▶ **What to work on**
Reproduce the records below exactly as they are written.

═════ Supplied material ═════

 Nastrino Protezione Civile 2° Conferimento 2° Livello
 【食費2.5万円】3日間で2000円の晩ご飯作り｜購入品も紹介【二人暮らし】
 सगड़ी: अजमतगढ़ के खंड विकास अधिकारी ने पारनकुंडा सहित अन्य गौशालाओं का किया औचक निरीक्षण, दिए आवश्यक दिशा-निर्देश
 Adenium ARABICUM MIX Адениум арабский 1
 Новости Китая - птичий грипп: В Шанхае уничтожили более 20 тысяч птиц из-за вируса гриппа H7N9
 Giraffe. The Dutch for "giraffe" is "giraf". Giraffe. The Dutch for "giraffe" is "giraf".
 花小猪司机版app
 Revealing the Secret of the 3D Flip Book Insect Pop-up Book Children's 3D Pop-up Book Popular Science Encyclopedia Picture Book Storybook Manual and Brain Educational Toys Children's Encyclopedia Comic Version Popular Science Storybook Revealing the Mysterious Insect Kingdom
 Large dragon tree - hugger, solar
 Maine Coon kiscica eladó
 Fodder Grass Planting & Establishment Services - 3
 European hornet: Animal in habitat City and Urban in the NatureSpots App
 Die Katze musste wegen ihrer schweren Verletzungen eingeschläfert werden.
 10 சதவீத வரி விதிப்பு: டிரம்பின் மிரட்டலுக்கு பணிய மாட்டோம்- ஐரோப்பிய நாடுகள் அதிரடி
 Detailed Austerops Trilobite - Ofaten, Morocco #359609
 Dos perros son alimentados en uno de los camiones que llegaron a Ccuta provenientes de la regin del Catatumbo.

═════

▶ **Worked solution**
 Nastrino Protezione Civile 2° Conferimento 2° Livello
 【食費2.5万円】3日間で2000円の晩ご飯作り｜購入品も紹介【二人暮らし】
 सगड़ी: अजमतगढ़ के खंड विकास अधिकारी ने पारनकुंडा सहित अन्य गौशालाओं का किया औचक निरीक्षण, दिए आवश्यक दिशा-निर्देश
 Adenium ARABICUM MIX Адениум арабский 1
 Новости Китая - птичий грипп: В Шанхае уничтожили более 20 тысяч птиц из-за вируса гриппа H7N9
 Giraffe. The Dutch for "giraffe" is "giraf". Giraffe. The Dutch for "giraffe" is "giraf".
 花小猪司机版app
 Revealing the Secret of the 3D Flip Book Insect Pop-up Book Children's 3D Pop-up Book Popular Science Encyclopedia Picture Book Storybook Manual and Brain Educational Toys Children's Encyclopedia Comic Version Popular Science Storybook Revealing the Mysterious Insect Kingdom
 Large dragon tree - hugger, solar
 Maine Coon kiscica eladó
 Fodder Grass Planting & Establishment Services - 3
 European hornet: Animal in habitat City and Urban in the NatureSpots App
 Die Katze musste wegen ihrer schweren Verletzungen eingeschläfert werden.
 10 சதவீத வரி விதிப்பு: டிரம்பின் மிரட்டலுக்கு பணிய மாட்டோம்- ஐரோப்பிய நாடுகள் அதிரடி
 Detailed Austerops Trilobite - Ofaten, Morocco #359609
 Dos perros son alimentados en uno de los camiones que llegaron a Ccuta provenientes de la regin del Catatumbo.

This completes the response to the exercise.